BEGIN SOURCE MATERIAL
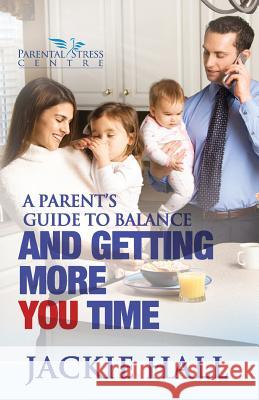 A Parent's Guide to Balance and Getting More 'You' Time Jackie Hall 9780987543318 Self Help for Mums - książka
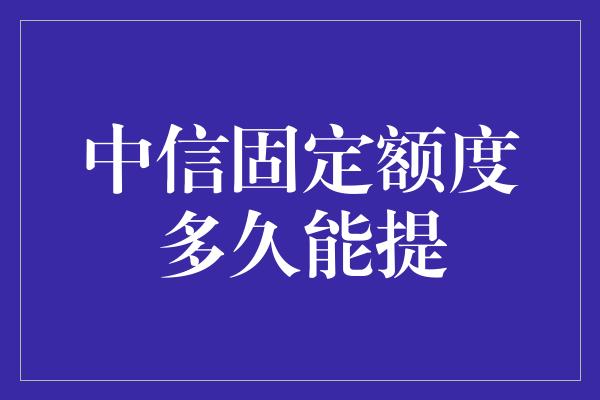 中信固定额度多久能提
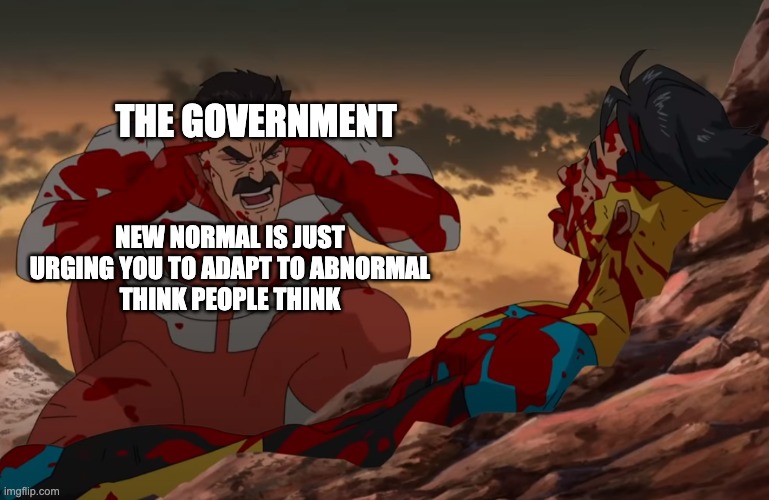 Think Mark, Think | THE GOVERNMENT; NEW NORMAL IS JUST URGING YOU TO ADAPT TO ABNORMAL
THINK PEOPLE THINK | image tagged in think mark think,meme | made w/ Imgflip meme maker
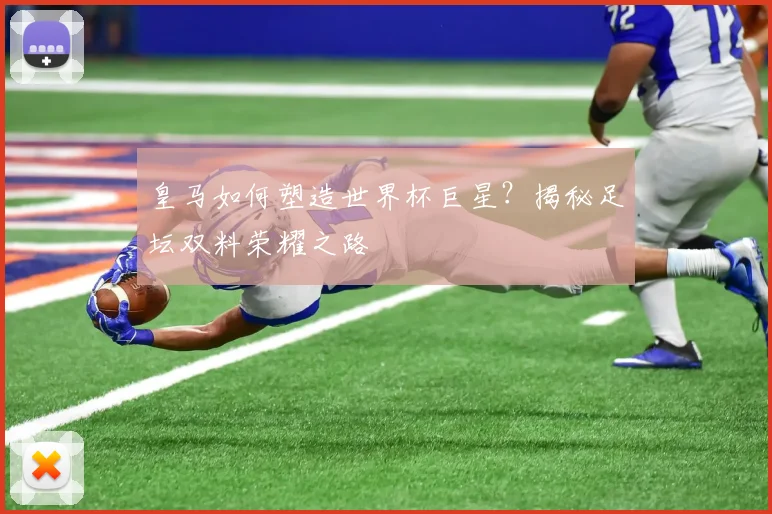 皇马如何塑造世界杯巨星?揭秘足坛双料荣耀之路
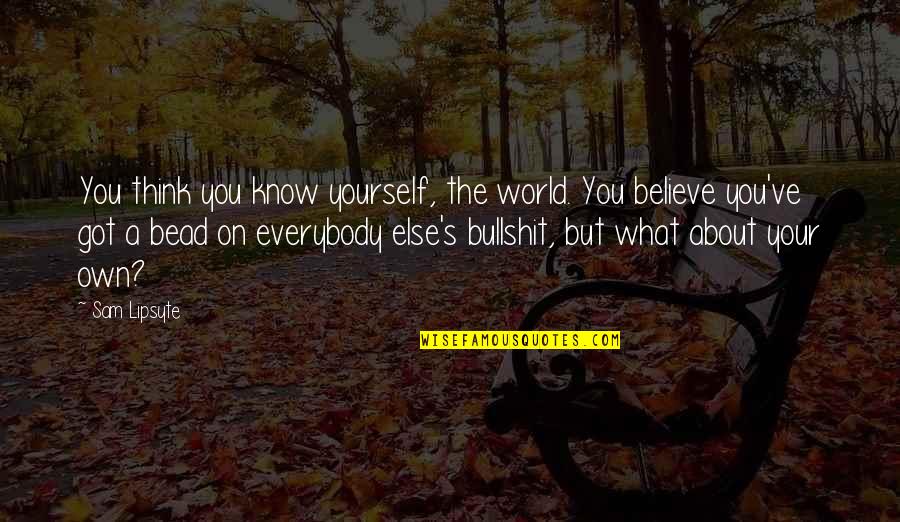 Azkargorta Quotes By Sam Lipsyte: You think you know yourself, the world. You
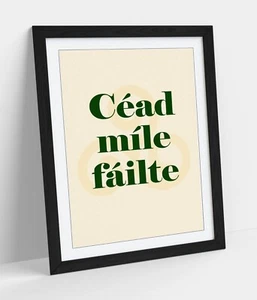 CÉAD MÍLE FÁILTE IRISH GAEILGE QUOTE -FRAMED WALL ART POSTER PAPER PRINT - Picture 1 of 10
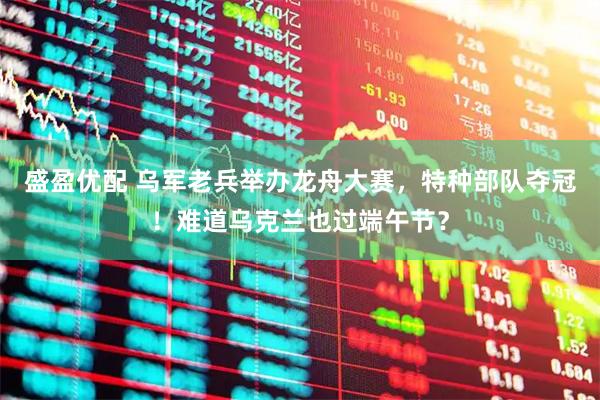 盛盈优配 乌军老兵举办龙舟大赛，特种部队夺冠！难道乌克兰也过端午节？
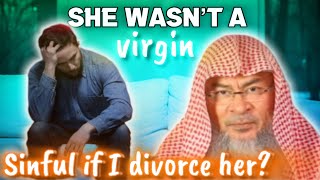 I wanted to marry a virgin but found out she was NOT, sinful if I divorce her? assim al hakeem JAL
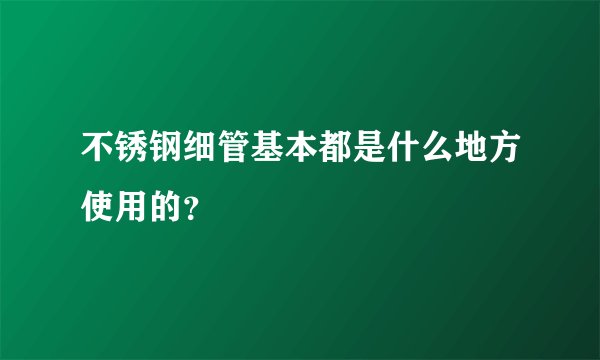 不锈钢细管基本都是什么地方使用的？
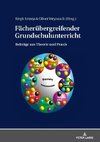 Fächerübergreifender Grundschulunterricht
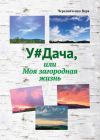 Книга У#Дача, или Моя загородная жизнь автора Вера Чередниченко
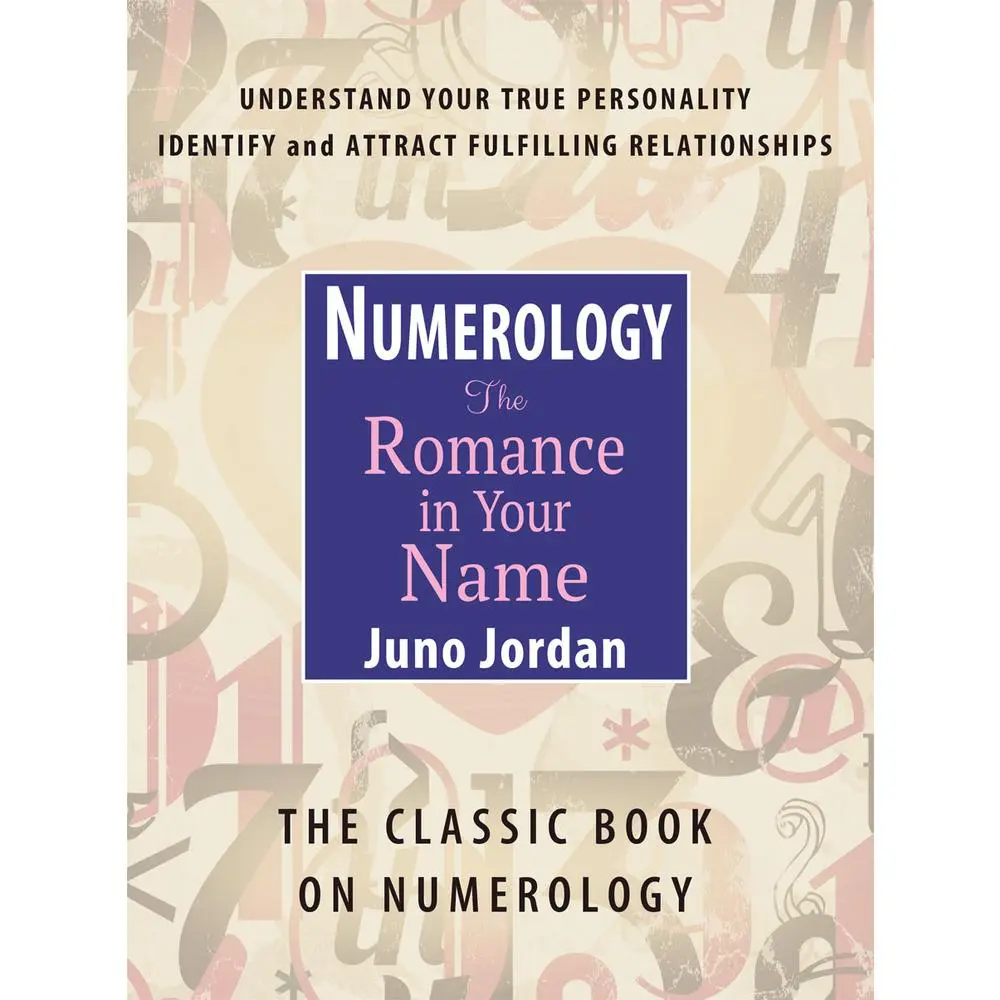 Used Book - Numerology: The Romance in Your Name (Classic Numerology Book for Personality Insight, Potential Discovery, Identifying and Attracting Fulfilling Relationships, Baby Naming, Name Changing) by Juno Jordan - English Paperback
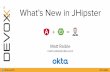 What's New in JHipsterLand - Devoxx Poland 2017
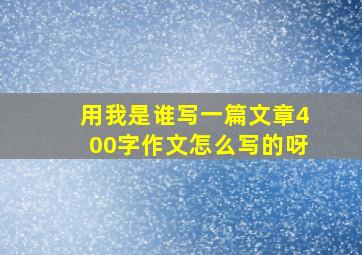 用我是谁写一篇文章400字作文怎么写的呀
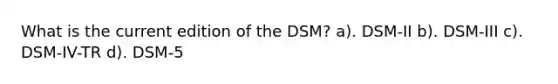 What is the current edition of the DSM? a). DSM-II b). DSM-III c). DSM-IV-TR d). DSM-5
END SOURCE MATERIAL
WHAT TO WORK ON> Each line from the one holding "I wanted to" through the final line of the data needs to be transcribed exactly. Include both ends, skip the pictures, and add nothing.

RESULT FOR THIS EXERCISE>
 I wanted to marry a virgin but found out she was NOT, sinful if I divorce her? assim al hakeem JAL
 不锈钢细管基本都是什么地方使用的？
 Fächerübergreifender Grundschulunterricht
 Книга У#Дача, или Моя загородная жизнь автора Вера Чередниченко
 Used Book - Numerology: The Romance in Your Name (Classic Numerology Book for Personality Insight, Potential Discovery, Identifying and Attracting Fulfilling Relationships, Baby Naming, Name Changing) by Juno Jordan - English Paperback
 What's New in JHipsterLand - Devoxx Poland 2017
 用我是谁写一篇文章400字作文怎么写的呀
 What is the current edition of the DSM? a). DSM-II b). DSM-III c). DSM-IV-TR d). DSM-5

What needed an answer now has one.